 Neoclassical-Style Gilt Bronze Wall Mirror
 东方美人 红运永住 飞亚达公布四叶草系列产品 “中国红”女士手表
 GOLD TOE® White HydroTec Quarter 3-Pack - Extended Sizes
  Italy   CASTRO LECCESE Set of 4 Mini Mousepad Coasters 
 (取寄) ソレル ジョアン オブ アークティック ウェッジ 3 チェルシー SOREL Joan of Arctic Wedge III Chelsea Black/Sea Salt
◇ ◇ ◇
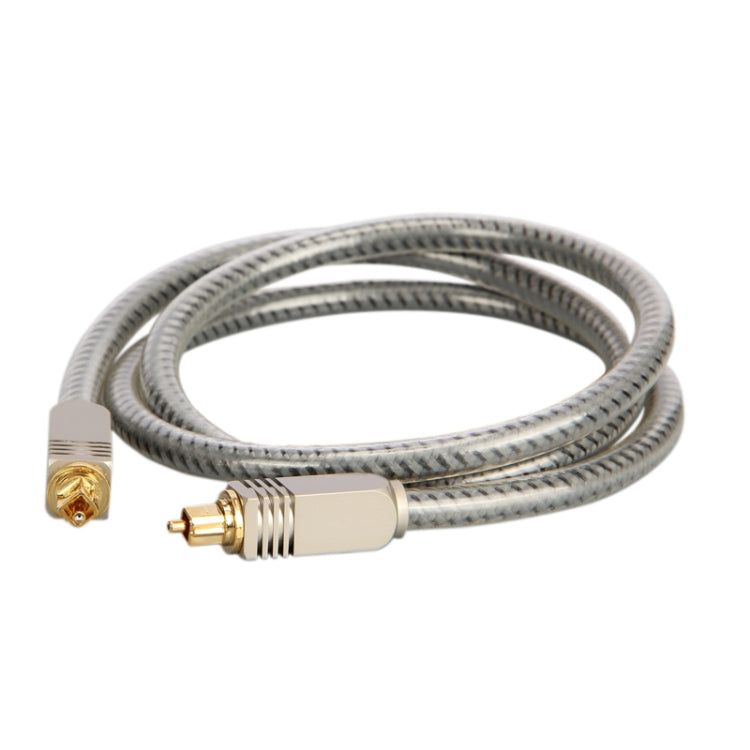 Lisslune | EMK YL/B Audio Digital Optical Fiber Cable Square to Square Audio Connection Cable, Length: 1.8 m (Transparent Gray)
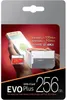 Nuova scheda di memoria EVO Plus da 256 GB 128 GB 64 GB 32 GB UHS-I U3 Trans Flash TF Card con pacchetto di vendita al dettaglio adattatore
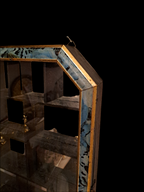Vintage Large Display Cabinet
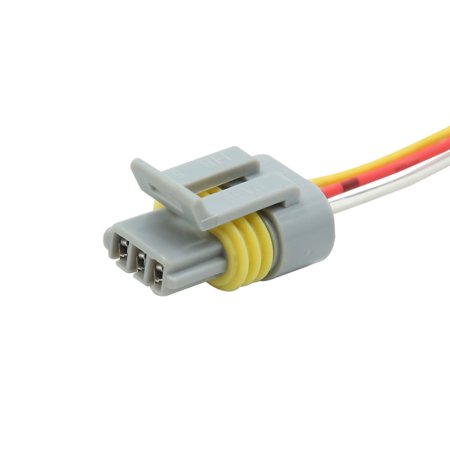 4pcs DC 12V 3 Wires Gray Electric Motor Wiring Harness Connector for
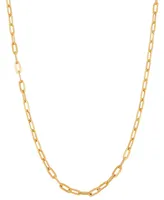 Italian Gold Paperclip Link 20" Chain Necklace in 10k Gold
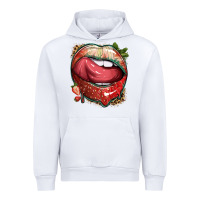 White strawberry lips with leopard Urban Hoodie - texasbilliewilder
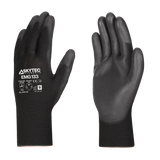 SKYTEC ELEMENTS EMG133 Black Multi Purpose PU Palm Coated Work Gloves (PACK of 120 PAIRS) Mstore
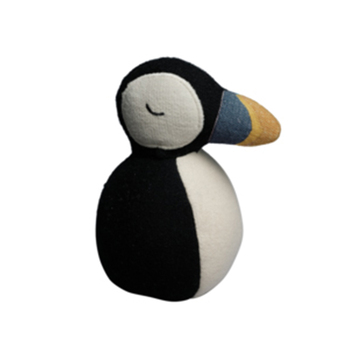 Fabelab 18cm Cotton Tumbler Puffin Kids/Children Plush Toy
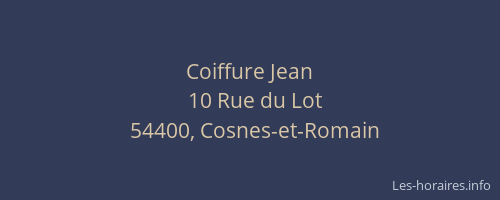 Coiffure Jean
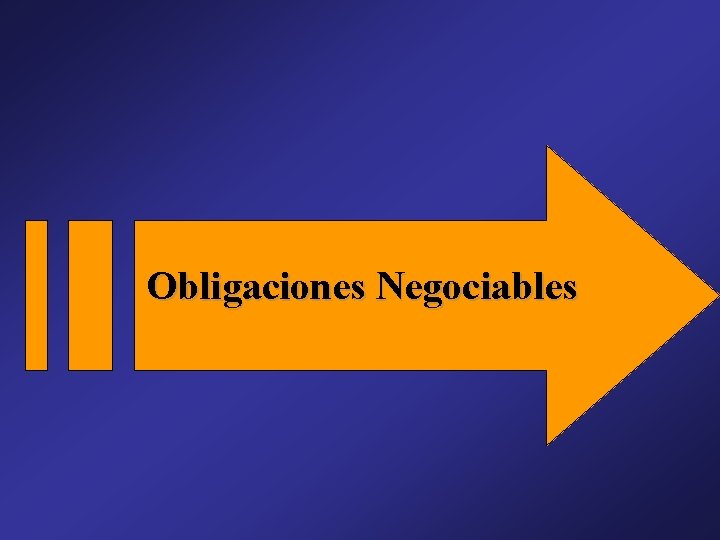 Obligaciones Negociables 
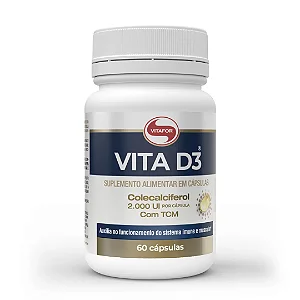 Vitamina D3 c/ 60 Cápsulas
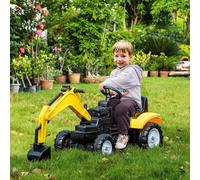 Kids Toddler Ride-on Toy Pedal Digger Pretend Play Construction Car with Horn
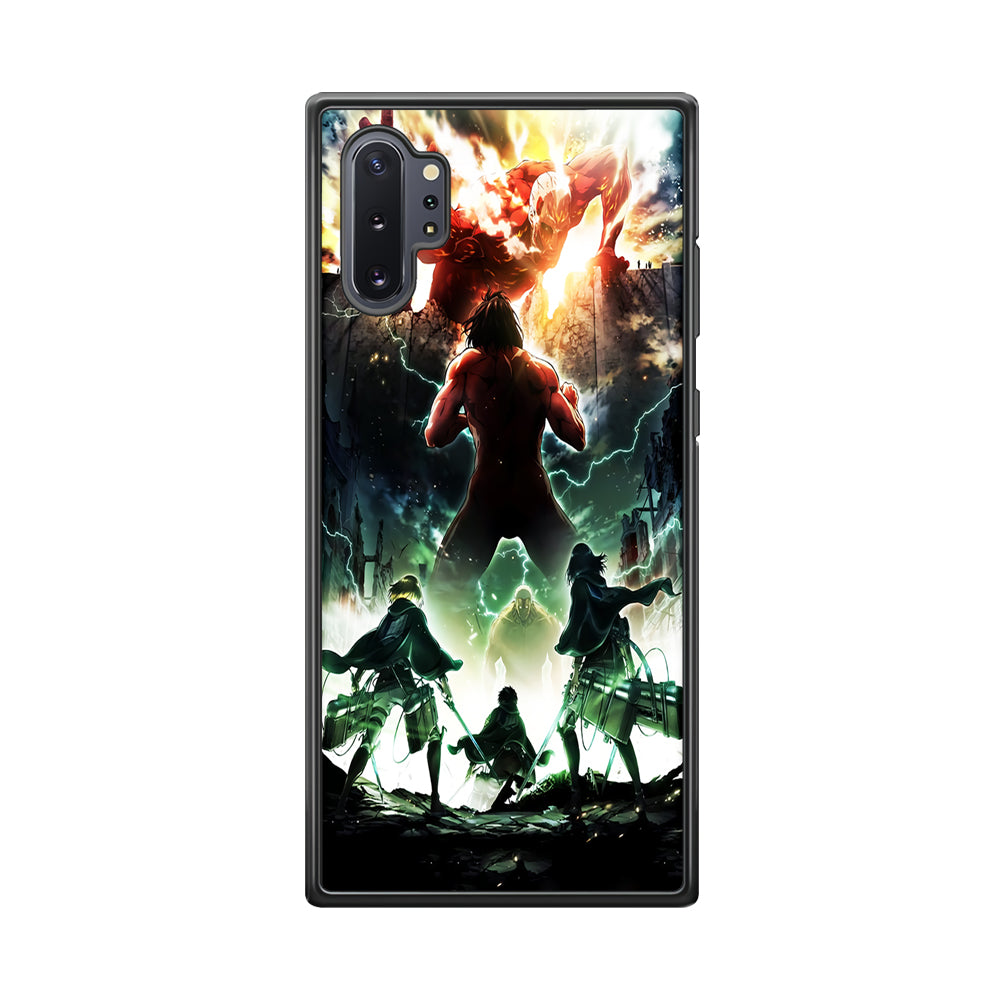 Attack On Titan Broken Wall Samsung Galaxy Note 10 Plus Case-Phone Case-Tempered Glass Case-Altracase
◇ ◇ ◇
- **Exercise details**
Each line above from the one containing "Coiffure Jean" through the one containing "Attack On Titan" is to be returned verbatim. Nothing else, and no pictures.

- **Reply to the task**
 Coiffure Jean
 Obligaciones Negociables 
 Vitamina D3 c/ 60 Cápsulas
 Kids Toddler Ride-on Toy Pedal Digger Pretend Play Construction Car with Horn
 Attack On Titan Broken Wall Samsung Galaxy Note 10 Plus Case-Phone Case-Tempered Glass Case-Altracase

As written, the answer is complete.